Cell lines, cell culture, and mice
The human pancreatic cancer cell lines BxPC-3 (catalog number CRL-1687), AsPC-1 (catalog number CRL-1682), and MIA-PaCa (catalog number CRL-1420) were obtained from the American Type Culture Collection, Manassas, VA. Cells were cultured in RPMI 1640 medium (catalog number SH30255.01; Hyclone) with 1% pyruvate and 10% FBS. CFPAC-1 pancreatic cancer cells (catalog number CRL-1918) were also obtained from the ATCC and were cultured in Iscove's Modified Dulbecco's medium with 10% FBS. The identity of each cell line was confirmed using Identifiler® STR genotyping (Applied Biosystems).
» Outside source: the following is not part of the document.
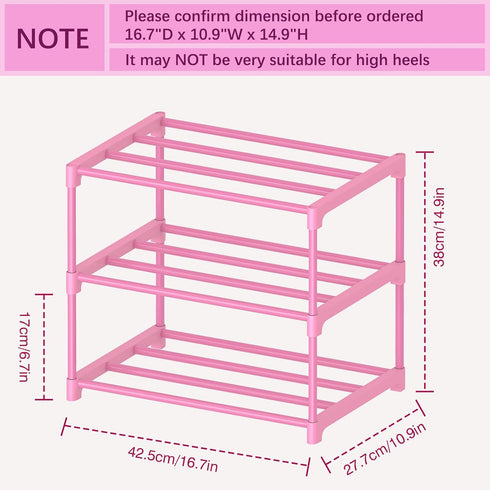 3-Tier Closet, 5-7 HITHIM Pink Shoe Racks for Women/Girls/Kids' Small Shoe Storage for Pairs, Lightweight Stackable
For starvation conditions, cells were propagated overnight in the same medium without FBS. We used starvation conditions because, although the induction of Duox2 expression by IFN-γ was observed under both serum-containing and serum-starved conditions, Duox2 induction was stronger after starvation. Cells were cultured in a humidified incubator at 37 °C in an atmosphere of 5% CO2 in air. In control experiments, we found that the basal levels of expression of all of the Nox homologues (Nox1-5 and Duox1 and 2) in each of the pancreatic cancer cell lines employed for these studies were very low, often at or near the lower limit of detection of our real time, RT-PCR assays (data not shown). All mice (female athymic nu/nu NCr) used in the study were obtained from the Animal Production Program (Frederick National Laboratory for Cancer Research, Frederick, MD). NCI-Frederick is accredited by AAALAC International and follows the Public Health Service Policy for the Care and Use of Laboratory Animals. Animal care was provided in accordance with the procedures outlined in the “Guide for Care and Use of Laboratory Animals” (National Research Council; 1996; National Academy Press; Washington, D.C.)
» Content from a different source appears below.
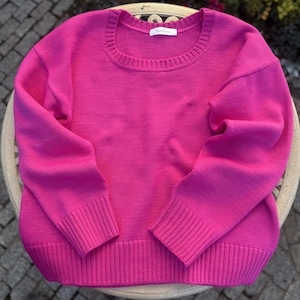 Hand Knit Neon Pink Merino Wool Oversized Sweater Custom big Size Available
RNA extraction, cDNA synthesis, and quantitative real-time RT-PCR assay
Total RNA was extracted from IFN-γ– or LPS-treated or untreated cells with the RNeasy Mini Kit (catalog number 74104; Qiagen) according to the manufacturer's instructions. Two micrograms of total RNA was used for cDNA synthesis, using SuperScript II reverse transcriptase (catalog number 18080-044) and random primers (catalog number 48190-011; Invitrogen) in a 20-μl reaction system, with the following cycles: 25 °C for 5 min, 42 °C for 50 min, and 75 °C for 5 min. After the reaction was complete, the RT-PCR products were diluted with diethylpyrocarbonate/H2O to 100 μl for real-time PCR. Real-time RT-PCR was performed on 384-well plates in a 20 μl reaction system containing 2 μl of diluted cDNA, 1 μl of primer mixture, 7 μl of H2O, and 10 μl of TaqMan 2× reaction mixture. PCR was carried out under default cycling conditions, and fluorescence was detected with the ABI 7900HT Sequence Detection System (Applied Biosystems, Foster City, CA). Triplicate determinations were performed for each sample that was used for real-time PCR; the mean value was calculated, and the data in the final figures represent the results of three independent experiments. Relative gene expression was calculated as the ratio of the target gene to the internal reference gene (β-actin) multiplied by 106 based on Ct values.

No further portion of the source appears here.